Exercise goal: Please take the records that follow and repeat exactly the lines starting with the line with "Table Basse En" and going on through the line with "Rebuilt Engine Open".

===== Data for processing =====

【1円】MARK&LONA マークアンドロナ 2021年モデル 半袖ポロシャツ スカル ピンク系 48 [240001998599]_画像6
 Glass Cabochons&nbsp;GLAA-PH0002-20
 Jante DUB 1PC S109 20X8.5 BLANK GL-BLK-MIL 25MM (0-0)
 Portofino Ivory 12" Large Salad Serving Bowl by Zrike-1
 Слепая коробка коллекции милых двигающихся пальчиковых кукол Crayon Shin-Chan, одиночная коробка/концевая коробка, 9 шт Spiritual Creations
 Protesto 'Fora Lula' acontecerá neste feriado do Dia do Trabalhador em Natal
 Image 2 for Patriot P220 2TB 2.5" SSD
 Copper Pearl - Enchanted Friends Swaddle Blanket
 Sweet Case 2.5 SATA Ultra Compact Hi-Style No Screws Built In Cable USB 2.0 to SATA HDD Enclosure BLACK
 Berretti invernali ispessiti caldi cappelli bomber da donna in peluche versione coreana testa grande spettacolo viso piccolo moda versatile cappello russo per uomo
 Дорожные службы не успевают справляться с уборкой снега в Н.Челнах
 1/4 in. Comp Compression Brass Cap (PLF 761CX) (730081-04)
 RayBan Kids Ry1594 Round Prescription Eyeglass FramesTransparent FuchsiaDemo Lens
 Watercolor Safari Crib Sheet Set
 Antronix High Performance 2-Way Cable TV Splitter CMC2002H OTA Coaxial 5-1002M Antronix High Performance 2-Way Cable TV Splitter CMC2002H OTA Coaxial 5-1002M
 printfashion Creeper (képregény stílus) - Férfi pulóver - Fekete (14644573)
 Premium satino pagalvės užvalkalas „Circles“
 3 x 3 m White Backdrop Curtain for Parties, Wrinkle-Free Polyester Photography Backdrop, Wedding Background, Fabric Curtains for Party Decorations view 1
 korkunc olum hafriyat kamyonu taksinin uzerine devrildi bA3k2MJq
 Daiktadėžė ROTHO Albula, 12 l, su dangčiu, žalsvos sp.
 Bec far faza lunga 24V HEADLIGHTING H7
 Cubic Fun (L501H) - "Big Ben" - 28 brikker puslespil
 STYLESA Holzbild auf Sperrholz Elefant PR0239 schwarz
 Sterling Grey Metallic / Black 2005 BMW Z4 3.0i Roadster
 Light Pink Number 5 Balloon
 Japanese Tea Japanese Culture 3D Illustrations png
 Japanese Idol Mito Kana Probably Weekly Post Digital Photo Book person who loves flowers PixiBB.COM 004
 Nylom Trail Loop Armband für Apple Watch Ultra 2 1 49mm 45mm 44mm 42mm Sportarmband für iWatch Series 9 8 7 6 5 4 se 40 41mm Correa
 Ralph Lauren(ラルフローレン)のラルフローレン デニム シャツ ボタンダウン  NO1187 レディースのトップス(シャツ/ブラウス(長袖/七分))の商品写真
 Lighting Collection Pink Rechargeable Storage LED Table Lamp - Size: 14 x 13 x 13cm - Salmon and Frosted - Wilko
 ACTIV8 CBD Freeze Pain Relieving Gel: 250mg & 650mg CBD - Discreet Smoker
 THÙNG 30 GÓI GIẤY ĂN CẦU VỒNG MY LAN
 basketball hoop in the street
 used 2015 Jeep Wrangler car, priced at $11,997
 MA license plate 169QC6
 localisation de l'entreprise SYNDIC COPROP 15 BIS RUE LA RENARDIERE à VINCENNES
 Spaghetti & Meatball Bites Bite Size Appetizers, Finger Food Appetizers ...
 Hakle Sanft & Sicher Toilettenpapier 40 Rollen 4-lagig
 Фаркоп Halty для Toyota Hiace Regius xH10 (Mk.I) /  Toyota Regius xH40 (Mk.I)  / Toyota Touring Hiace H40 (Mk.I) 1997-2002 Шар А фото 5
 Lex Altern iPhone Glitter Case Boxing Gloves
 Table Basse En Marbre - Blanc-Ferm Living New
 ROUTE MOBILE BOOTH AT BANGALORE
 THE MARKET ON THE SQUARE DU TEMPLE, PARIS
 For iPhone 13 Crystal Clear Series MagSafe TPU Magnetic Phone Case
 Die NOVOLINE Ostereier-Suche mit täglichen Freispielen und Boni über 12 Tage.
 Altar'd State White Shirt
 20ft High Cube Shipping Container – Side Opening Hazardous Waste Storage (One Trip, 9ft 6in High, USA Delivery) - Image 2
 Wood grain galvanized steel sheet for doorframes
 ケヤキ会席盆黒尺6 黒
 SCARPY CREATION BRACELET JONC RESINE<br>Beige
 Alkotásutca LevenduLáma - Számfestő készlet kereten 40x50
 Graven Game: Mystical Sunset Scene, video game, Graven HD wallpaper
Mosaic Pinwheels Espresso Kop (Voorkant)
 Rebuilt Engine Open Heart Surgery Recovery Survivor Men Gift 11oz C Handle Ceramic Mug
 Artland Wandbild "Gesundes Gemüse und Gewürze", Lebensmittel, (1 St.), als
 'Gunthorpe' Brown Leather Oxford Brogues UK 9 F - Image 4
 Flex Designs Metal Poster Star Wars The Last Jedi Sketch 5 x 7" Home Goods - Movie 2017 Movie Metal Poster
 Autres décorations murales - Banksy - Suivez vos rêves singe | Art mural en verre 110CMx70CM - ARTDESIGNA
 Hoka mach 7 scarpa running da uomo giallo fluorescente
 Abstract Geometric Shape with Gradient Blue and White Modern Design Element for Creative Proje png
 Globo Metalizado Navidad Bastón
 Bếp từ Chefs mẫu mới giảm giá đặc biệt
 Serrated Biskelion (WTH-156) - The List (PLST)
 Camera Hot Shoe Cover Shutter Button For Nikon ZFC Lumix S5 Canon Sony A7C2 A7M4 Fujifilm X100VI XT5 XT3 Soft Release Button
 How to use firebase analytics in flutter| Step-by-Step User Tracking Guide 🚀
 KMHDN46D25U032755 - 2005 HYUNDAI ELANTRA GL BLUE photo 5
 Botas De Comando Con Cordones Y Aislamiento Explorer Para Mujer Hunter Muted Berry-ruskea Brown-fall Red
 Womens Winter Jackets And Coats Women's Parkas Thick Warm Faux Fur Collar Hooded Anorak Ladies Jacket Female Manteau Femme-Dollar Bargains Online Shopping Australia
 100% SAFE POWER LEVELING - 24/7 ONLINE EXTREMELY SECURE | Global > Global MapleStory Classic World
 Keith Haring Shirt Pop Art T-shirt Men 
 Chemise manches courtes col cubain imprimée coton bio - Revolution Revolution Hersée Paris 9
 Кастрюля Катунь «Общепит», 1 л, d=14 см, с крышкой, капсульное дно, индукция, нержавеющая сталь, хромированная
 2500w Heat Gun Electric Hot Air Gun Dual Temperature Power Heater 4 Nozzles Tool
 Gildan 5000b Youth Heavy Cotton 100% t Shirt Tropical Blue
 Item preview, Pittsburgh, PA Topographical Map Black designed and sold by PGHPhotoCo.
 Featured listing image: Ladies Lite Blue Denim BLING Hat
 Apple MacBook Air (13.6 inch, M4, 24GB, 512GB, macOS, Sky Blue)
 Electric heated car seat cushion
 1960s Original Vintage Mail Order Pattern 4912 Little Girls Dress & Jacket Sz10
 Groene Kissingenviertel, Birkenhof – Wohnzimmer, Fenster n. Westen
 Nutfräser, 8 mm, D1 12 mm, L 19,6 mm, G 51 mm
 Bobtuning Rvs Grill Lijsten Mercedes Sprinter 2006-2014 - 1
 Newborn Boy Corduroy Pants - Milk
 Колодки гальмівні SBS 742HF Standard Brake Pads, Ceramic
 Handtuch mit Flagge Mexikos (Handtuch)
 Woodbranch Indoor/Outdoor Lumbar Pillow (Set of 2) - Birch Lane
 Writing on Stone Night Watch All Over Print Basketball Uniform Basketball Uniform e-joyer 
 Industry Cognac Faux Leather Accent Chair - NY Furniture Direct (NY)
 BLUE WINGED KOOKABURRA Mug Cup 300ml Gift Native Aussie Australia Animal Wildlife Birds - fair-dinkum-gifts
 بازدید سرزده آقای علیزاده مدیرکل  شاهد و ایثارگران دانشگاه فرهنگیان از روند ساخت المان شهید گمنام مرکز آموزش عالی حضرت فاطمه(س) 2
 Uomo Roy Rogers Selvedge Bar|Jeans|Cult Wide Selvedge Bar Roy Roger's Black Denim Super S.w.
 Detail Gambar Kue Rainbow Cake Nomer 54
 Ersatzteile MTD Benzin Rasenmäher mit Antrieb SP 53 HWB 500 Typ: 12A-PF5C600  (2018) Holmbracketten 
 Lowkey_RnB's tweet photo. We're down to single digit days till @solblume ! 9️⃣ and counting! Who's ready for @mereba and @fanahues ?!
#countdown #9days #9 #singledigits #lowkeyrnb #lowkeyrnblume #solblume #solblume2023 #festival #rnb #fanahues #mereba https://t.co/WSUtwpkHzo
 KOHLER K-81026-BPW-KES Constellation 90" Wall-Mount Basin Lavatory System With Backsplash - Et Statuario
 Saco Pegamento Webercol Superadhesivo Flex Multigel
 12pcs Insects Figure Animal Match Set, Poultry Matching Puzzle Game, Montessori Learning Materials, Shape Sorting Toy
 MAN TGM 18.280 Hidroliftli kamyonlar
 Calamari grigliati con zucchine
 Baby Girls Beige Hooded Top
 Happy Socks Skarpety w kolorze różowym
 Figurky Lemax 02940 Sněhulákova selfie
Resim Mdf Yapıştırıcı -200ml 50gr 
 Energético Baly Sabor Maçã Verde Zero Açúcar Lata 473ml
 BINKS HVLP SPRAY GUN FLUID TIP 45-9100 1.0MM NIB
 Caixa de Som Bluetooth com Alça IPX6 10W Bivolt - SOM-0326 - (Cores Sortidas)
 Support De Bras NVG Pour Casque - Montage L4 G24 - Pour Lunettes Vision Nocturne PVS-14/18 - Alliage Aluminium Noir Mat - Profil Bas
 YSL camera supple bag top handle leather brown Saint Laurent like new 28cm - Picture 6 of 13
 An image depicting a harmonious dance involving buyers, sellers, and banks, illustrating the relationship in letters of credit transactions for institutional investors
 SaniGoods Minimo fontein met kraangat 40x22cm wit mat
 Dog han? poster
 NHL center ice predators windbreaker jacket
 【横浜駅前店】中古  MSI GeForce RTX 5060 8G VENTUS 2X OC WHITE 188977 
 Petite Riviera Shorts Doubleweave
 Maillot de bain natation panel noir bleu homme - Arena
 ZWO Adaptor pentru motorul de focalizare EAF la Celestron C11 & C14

=====

Finished exercise:
 Table Basse En Marbre - Blanc-Ferm Living New
 ROUTE MOBILE BOOTH AT BANGALORE
 THE MARKET ON THE SQUARE DU TEMPLE, PARIS
 For iPhone 13 Crystal Clear Series MagSafe TPU Magnetic Phone Case
 Die NOVOLINE Ostereier-Suche mit täglichen Freispielen und Boni über 12 Tage.
 Altar'd State White Shirt
 20ft High Cube Shipping Container – Side Opening Hazardous Waste Storage (One Trip, 9ft 6in High, USA Delivery) - Image 2
 Wood grain galvanized steel sheet for doorframes
 ケヤキ会席盆黒尺6 黒
 SCARPY CREATION BRACELET JONC RESINE<br>Beige
 Alkotásutca LevenduLáma - Számfestő készlet kereten 40x50
 Graven Game: Mystical Sunset Scene, video game, Graven HD wallpaper
Mosaic Pinwheels Espresso Kop (Voorkant)
 Rebuilt Engine Open Heart Surgery Recovery Survivor Men Gift 11oz C Handle Ceramic Mug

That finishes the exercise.